- _Required action_:
Print the full set of records below, character for character and picture-free.

- _Data excerpts_:
-- Opening Marker --

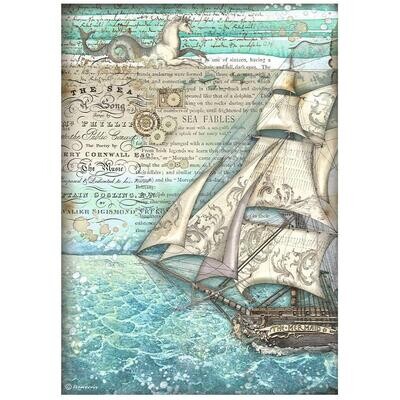 Stamperia - Songs of the Sea - A4 Rice Paper - Sailing Ship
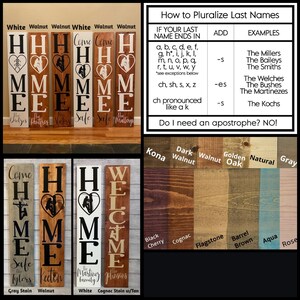 May include: A set of six wooden signs spelling out the word "HOME" in black lettering. Each sign features a different design, including a heart, a tree, and a silhouette of a person. The signs are available in a range of wood stains, such as grey, walnut, and white.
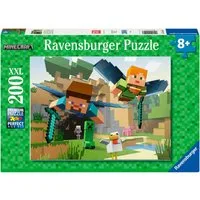 Ravensburger Puzzle Minecraft, Tierische Abenteuer, 200 Puzzleteile, 200 XXL Teile, Made in Germany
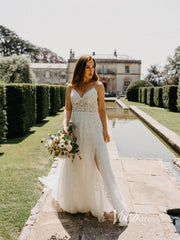 Spaghetti Strap Bell Orchid Lace Wedding Dresses with Slit VW2126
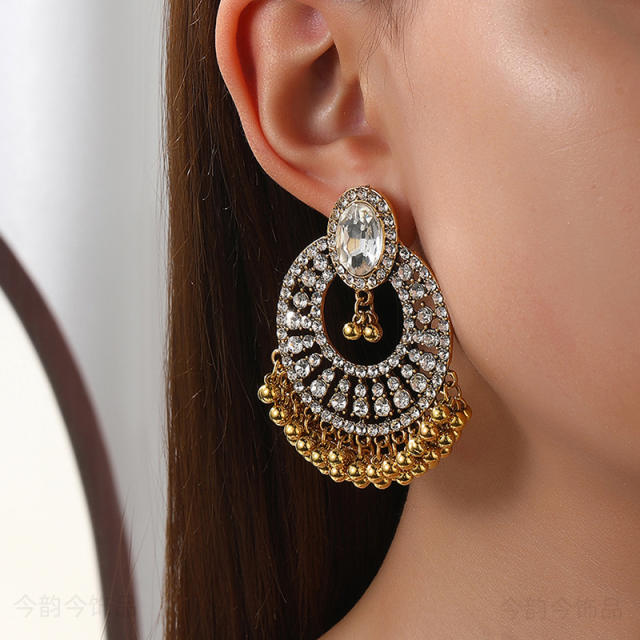 Boho rhinestone pave setting hollow out circle dangle earrings middle east earrings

-- Closing Marker --

- _Response for this exercise_:
 Stamperia - Songs of the Sea - A4 Rice Paper - Sailing Ship
 May include: A set of six wooden signs spelling out the word "HOME" in black lettering. Each sign features a different design, including a heart, a tree, and a silhouette of a person. The signs are available in a range of wood stains, such as grey, walnut, and white.
 Ravensburger Puzzle Minecraft, Tierische Abenteuer, 200 Puzzleteile, 200 XXL Teile, Made in Germany
 Spaghetti Strap Bell Orchid Lace Wedding Dresses with Slit VW2126
 Boho rhinestone pave setting hollow out circle dangle earrings middle east earrings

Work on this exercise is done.